In the above resource:

  • The depends_on and db_cluster_id attributes tell Terraform that this backup is for the mariadb-1 cluster resource. 
  • db_backup_dir (String) is the base directory where backups will be stored.
  • db_backup_subdir (String) is the sub-dir for backups – default: “BACKUP-%I”.
  • db_backup_encrypt (Boolean) defines whether to encrypt the backup or not
  • db_backup_host (String) Where there are multiple hosts, which host to choose to create backup from.
  • db_backup_storage_controller (Boolean) Whether to store the backup on CMON controller host (ClusterControl node) or not.
  • db_backup_compression (Boolean) Whether to compress backups or not.
  • db_backup_compression_level (Number),  where 1 is the fastest compression (least compression) and 9 indicates the slowest compression (best compression).
  • db_backup_retention (Number) Backup retention period in days
Schedule a backup

To schedule a backup, you use the clustercontrol_db_cluster_backup_schedule resource. The backup schedule resource is very similar to the on-demand backup resource as the difference is the addition of db_backup_sched_time and db_backup_sched_title attributes to set the time for the backup and name respectively.

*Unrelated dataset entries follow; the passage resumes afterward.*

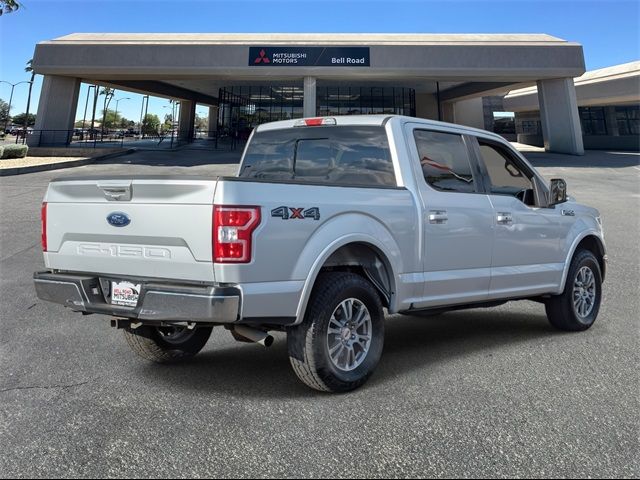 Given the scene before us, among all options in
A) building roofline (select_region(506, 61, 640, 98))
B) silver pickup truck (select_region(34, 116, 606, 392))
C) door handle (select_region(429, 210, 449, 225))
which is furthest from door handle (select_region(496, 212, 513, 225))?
building roofline (select_region(506, 61, 640, 98))

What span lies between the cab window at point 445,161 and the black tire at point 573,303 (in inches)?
69.5

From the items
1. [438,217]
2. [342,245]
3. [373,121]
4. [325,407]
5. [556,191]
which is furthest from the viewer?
[556,191]

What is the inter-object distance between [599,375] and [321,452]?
262cm

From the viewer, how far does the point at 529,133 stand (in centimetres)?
5803

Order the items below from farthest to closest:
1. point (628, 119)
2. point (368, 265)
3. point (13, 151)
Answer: point (628, 119) → point (13, 151) → point (368, 265)

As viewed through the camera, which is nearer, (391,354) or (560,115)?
(391,354)

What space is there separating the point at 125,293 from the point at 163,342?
105 cm

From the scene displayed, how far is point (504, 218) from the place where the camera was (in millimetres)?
5035

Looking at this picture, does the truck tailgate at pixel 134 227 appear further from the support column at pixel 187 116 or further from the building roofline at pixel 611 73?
the support column at pixel 187 116

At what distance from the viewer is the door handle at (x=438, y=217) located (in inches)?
174

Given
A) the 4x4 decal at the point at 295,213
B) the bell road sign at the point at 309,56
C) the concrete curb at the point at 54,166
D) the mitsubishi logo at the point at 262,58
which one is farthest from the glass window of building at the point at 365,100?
the 4x4 decal at the point at 295,213

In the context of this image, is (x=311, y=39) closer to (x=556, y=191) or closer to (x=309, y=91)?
(x=309, y=91)

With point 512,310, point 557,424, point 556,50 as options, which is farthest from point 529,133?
point 557,424

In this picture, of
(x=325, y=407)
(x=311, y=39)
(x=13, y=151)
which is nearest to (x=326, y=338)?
(x=325, y=407) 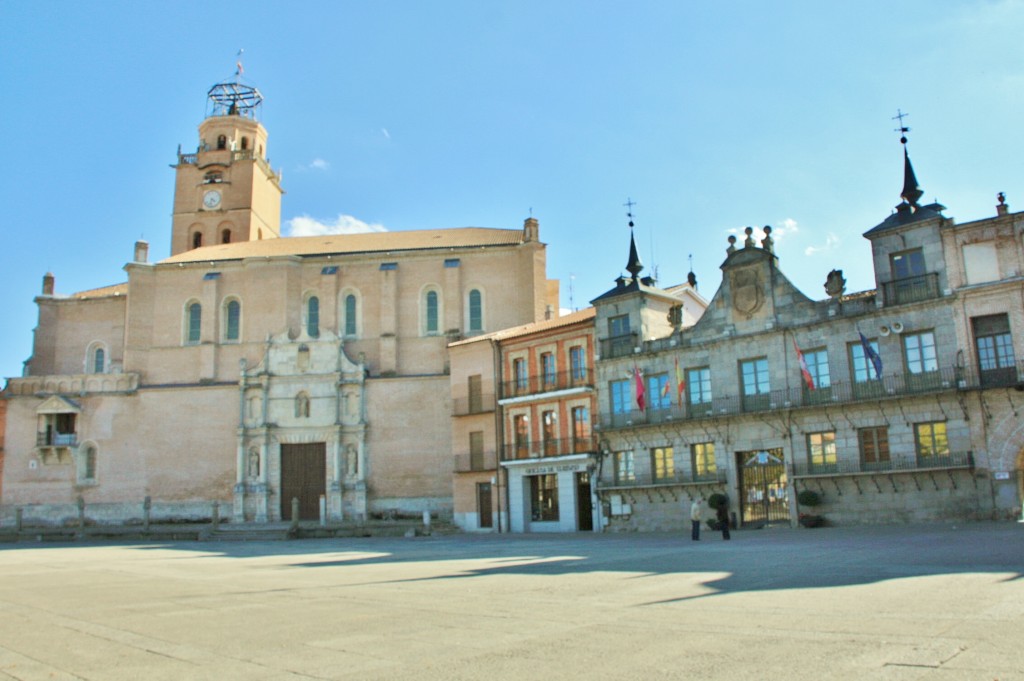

resource "clustercontrol_db_cluster_backup_schedule" "daily-full" {
  depends_on                   = [clustercontrol_db_cluster.mariadb-1]
  db_backup_sched_title        = "Daily full backup"
  db_backup_sched_time         = "TZ=UTC 0 0 * * *"
  db_cluster_id                = clustercontrol_db_cluster.mariadb-1.id
  db_backup_method             = "mariabackupfull"
  db_backup_dir                = var.db_backup_dir
  db_backup_subdir             = var.db_backup_subdir
  db_backup_encrypt            = var.db_backup_encrypt
  db_backup_host               = var.db_backup_host
  db_backup_storage_controller = var.db_backup_storage_controller
  db_backup_compression        = var.db_backup_compression
  db_backup_compression_level  = var.db_backup_compression_level
  db_backup_retention          = var.db_backup_retention
}

Scheduling database maintenance

Maintenance is key to ensuring smooth operations. Servers have to keep up with the latest software, hardware and technology to ensure systems are stable and running with the lowest risk possible. With the clustercontrol_db_cluster_maintenance resource, you can schedule maintenance of your cluster. 

resource "clustercontrol_db_cluster_maintenance" "server-upgrade-05312024" {
   depends_on = [clustercontrol_db_cluster.mariadb-1]
   db_cluster_id       = clustercontrol_db_cluster.this.id
   db_maint_start_time = "May-31-2024T00:00"
   db_maint_stop_time  = "May-31-2024T23:30"
   db_maint_reason     = "Hardware refresh May 31, 2024"
 }

You should specify the db_maint_start_time and db_maint_stop_time in your local time (without the timezone).

Conclusion

In this blog post, you learned about the Terraform provider for ClusterControl and how it can help you deploy and manage database clusters with Terraform. Beyond the features covered in this blog, the Terraform provider for ClusterControl also supports deploying a load balancer and other exciting features.

To learn more about the ClusterControl Terraform provider and see examples of other supported databases – MySQL, PostgreSQL, TimescaleDB, MongoDB, SQL Server for Linux, Redis, and Elasticsearch – refer to the GitHub repository with concrete examples.